Omp_target_alloc never returns NULL

budanaz.yakup · June 18, 2023, 12:45pm

Hi,

I have a code snippet that tries to allocate more memory every try and returns the max amount of pinnable memory, it is relatively easy to do with the CUDA API (asking for free memory), but I need to implement it without CUDA API for other backends such as OpenMP.

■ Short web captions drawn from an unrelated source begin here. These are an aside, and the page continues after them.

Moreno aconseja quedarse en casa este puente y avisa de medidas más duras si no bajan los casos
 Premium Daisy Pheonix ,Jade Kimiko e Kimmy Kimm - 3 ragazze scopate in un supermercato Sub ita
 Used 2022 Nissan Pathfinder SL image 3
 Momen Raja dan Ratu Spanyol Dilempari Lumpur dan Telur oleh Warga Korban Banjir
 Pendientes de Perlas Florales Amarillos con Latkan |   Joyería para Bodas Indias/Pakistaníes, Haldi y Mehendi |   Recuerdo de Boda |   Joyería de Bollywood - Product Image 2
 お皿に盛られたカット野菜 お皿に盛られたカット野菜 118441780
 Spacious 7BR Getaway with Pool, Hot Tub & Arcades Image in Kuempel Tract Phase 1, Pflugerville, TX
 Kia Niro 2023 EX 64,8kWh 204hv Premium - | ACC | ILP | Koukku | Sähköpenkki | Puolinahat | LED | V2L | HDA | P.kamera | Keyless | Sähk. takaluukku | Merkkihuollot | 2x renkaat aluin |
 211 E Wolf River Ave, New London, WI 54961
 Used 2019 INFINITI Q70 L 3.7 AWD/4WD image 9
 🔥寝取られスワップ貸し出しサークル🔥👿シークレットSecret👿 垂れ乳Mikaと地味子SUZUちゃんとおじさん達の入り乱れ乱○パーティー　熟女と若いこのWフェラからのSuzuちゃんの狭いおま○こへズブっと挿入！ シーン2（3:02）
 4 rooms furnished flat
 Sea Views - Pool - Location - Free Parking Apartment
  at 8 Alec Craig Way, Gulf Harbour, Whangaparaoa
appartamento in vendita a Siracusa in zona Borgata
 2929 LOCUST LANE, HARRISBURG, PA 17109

We are using the Nvidia NVHPC compiler suite.
The code looks as follows:

size_t allocableSize(size_t base, int deviceId){
bool allocSuccess = true;

// Base is the alignment size, any modern gpu will have ~1 gb of memory
// Then we will keep trying to allocate more and more each try +1 ~1gb
// The minimum increment will be ~250 mb which a multiple of base
size_t min = static_cast<size_t>(2.5 * 1e8);
while (base < min){
    base += base;
}
size_t sizeToAlloc = base;

do {
    char* allocatedMemory = nullptr;
    std::cout << "Try to alloc: " << static_cast<double>(sizeToAlloc * 1e-9) << " GB" << std::endl;
    try{
        char* allocatedMemory = new char[sizeToAlloc];
        void* u = omp_target_alloc(sizeToAlloc, deviceId);
        if (u == NULL){
            throw std::runtime_error("No memory (omp_target_allocs)");
        } else {
            omp_target_free(u, deviceId);
            u = NULL;
        }
        #pragma omp target enter data map(to: allocatedMemory[0:sizeToAlloc]) device(deviceId)
        {}
        #pragma omp target update from(allocatedMemory[0:sizeToAlloc]) device(deviceId)
        {}
        sizeToAlloc += base;
        free(allocatedMemory);
    } catch (int errCode) {
        free(allocatedMemory);
        allocatedMemory = nullptr;
        allocSuccess = false;
    }
} while (allocSuccess);

std::cout << static_cast<double>((sizeToAlloc - base) * 1e-9) << " GB can be allocated" << std::endl;
return sizeToAlloc - base;

}

I would expect ~3.6 for my GPU I am currently testing the code with, if I only have omp_target_alloc then the do while loop never breaks, and if I use omp target enter data clause then I got a runtime error, that is impossible to catch, an example output:

Try to alloc: 0.268435 GB
Try to alloc: 0.536871 GB
Try to alloc: 0.805306 GB
Try to alloc: 1.07374 GB
Try to alloc: 1.34218 GB
Out of memory allocating 1342177280 bytes of device memory
Failing in Thread:1
total/free CUDA memory: 4091478016/1325793280
Present table dump for device[1]: NVIDIA Tesla GPU 0, compute capability 8.6, threadid=1
Hint: specify 0x800 bit in NV_ACC_DEBUG for verbose info.
host:0x7fb5f9fff010 device:0x7fb5b8000000 size:1073741824 presentcount:0+1 line:29 name:allocatedMemory[:sizeToAlloc]
host:0x7fb66bfff010 device:0x7fb63a000000 size:805306368 presentcount:0+1 line:29 name:allocatedMemory[:sizeToAlloc]
host:0x7fb6bdfff010 device:0x7fb69c000000 size:536870912 presentcount:0+1 line:29 name:allocatedMemory[:sizeToAlloc]
host:0x7fb71e7ff010 device:0x7fb6e2000000 size:268435456 presentcount:0+1 line:29 name:allocatedMemory[:sizeToAlloc]
allocated block device:0x7fb5b8000000 size:1073741824 thread:1
allocated block device:0x7fb63a000000 size:805306368 thread:1
allocated block device:0x7fb69c000000 size:536870912 thread:1
allocated block device:0x7fb6e2000000 size:268435456 thread:1
call to cuMemAlloc returned error 2: Out of memory

In OpenMP standard it says that if the memory cannot be allocated it should return NULL therefore I believe that if the memory cannot be allocated then it should terminate before the target enter data map clause fails.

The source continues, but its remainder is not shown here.